The other types of consistency such as consistent-prefix, session, and bounded-staleness are purely defined based on the consistency level. As far as the performance and availability are concerned, Stong has the lowest performance/availability while the eventual has the highest.
Areas of practical implementation
Wherever there is a requirement for data to be read/write on a massive global scale and there is an expectation of a near-real response, it is ideal to use Azure Cosmos DB. Some of the popular areas where Azure Cosmos DB can be implemented are IoT, gaming, e-commerce, web, and mobile applications for social interactions.

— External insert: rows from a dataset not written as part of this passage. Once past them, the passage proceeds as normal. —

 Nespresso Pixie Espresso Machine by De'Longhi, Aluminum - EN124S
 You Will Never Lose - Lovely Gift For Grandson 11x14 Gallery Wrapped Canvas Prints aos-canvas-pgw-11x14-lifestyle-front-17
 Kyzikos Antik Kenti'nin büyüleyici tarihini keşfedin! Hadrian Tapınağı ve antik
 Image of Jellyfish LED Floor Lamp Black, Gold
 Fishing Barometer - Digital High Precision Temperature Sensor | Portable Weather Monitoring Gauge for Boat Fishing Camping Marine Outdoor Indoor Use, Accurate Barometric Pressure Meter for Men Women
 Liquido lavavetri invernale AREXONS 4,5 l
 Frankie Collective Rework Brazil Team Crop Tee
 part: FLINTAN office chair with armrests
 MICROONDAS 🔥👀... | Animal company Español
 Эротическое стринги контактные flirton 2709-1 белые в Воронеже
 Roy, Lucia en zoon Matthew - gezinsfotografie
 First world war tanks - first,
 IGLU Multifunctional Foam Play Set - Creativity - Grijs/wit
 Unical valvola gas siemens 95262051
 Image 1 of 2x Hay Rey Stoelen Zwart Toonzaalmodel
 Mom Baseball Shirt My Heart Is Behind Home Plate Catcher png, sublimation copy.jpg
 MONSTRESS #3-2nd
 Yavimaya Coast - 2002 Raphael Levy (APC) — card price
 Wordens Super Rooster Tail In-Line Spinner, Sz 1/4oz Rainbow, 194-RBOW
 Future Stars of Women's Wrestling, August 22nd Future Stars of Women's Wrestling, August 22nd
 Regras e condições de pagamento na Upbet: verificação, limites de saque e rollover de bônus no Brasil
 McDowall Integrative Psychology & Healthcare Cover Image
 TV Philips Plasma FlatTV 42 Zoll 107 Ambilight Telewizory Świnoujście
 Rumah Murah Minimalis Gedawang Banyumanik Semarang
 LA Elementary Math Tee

Let us consider one more example where Azure Cosmos DB can be used effectively. Say there is a mobile application that has been built for social networking. This app lets users upload posts in the form of photos, videos, music, text messages, and text as comments. Now, most people think this is a common operation these days and any database can achieve this. But they cannot be more wrong. One of the key ingredients to success in a social networking application is the ability to load the post in real-time. If the users are not seeing posts in real-time, they will lose interest in the application. This is where Azure Cosmos DB with its quick response due to data replication comes in handy.
Wrapping up
Understanding the key benefits of Azure Cosmos DB and how it works is critical for us to know why we should choose Azure Cosmos DB over other databases. It is also important to choose the right multi-model and the right level of consistency to help us improve the performance and availability of the database. Due to its impressive features, Azure Cosmos DB has become one of the most common back end databases for mission-critical projects and will continue to do so for many more years.